» Exercise materials

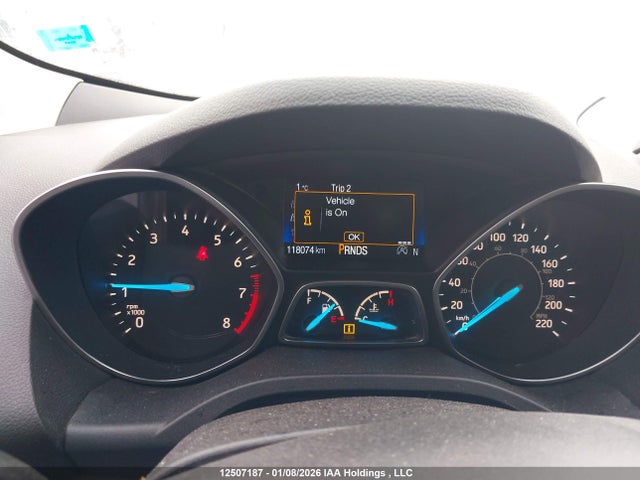 1FMCU9GD5JUA13041 Ford ESCAPE SE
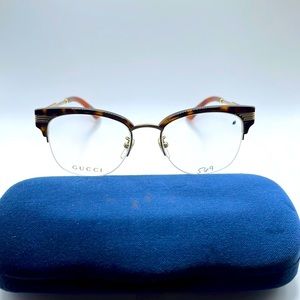 NWOT. Gucci Mens retro optical frames. Rimless with tortoiseshell bridge.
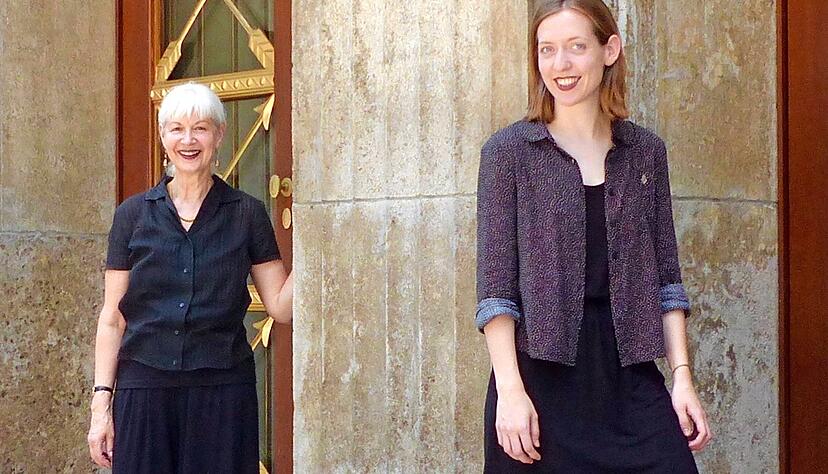 Hoffen auf eine erfolgreiche Matchfunding-Kampagne: Sprechkünstlerin Jule Hölzgen (rechts) aus Lauffen und Schauspielerin Dagmar Claus .
Foto: privat Hoffen auf eine erfolgreiche Matchfunding-Kampagne: Sprechkünstlerin Jule Hölzgen (rechts) aus Lauffen und Schauspielerin Dagmar Claus .
Foto: privat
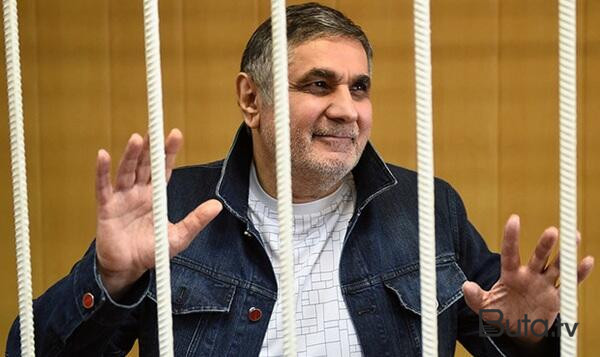  Rusiya Şakro Molodoyu azadlığa buraxır  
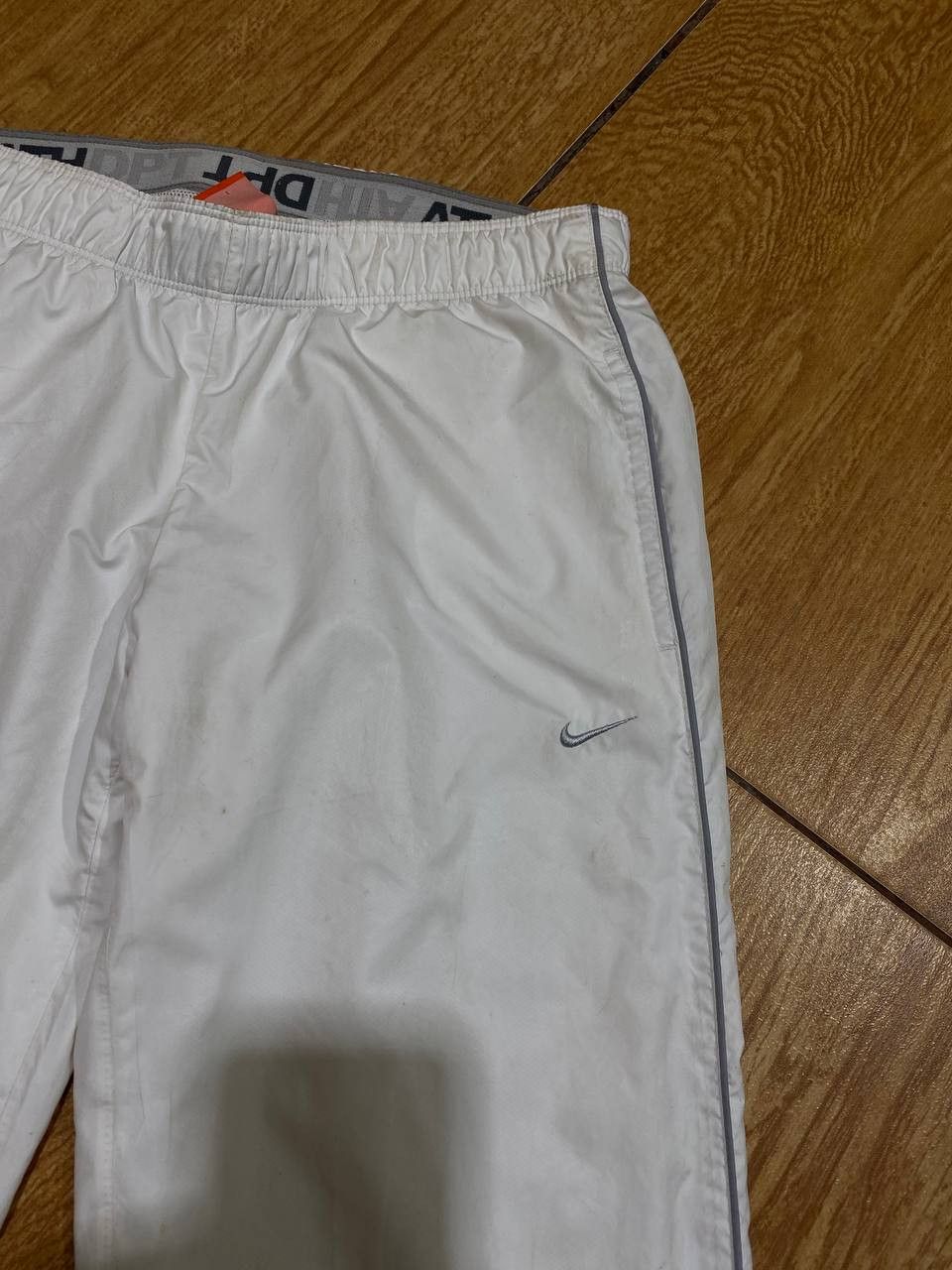 Nike Nike track pants Size US 28 / EU 44 - 5 Thumbnail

» Work to be completed
Copy out all lines from the records where the word "privat" appears.

» Completed task
Foto: privat Hoffen auf eine erfolgreiche Matchfunding-Kampagne: Sprechkünstlerin Jule Hölzgen (rechts) aus Lauffen und Schauspielerin Dagmar Claus .
Foto: privat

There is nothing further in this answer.